The purchasing power of wages has fallen dramatically—and for working class families who spend a higher proportion of their income on food and essentials which have risen faster than the headline rate of inflation, the loss has been even greater. After housing costs, the typical income for a working-age family is set to drop by 3 per cent in the year to the end of March, followed by a 4 per cent drop over the following 12 months.
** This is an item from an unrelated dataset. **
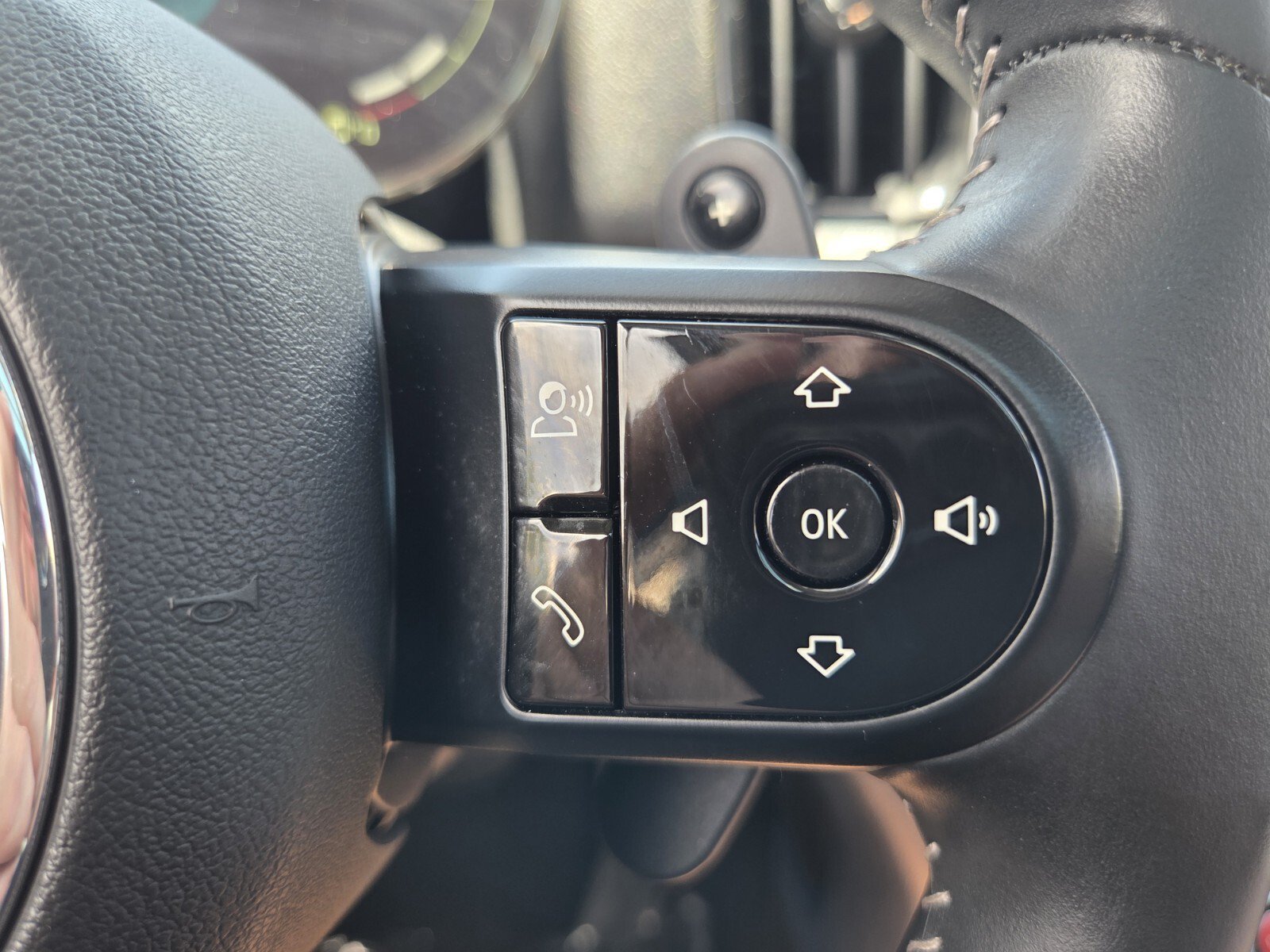 Used 2024 MINI Cooper Countryman S w/ Premium Package FWD image 29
While some of the reasons for rising prices are beyond the government’s control, its policy of holding down pay is a deliberate choice to reduce government spending and increase private sector profits. Millions of workers are doing the same work for up to 20% less in real terms than a decade ago. Now the government and employers in the NHS, post, and rail are demanding ‘reforms’ in return for miserly pay rises. All this adds up to a major increase in the rate of exploitation.
What is inflation?
Simply put, inflation is a general increase in prices across the whole economy. But what causes this? Some of it results from the reduction of the available raw materials e.g. energy, and agricultural inputs. The war in Ukraine, sanctions, and the post-lockdown economic rebound caused big spikes in the price of natural gas.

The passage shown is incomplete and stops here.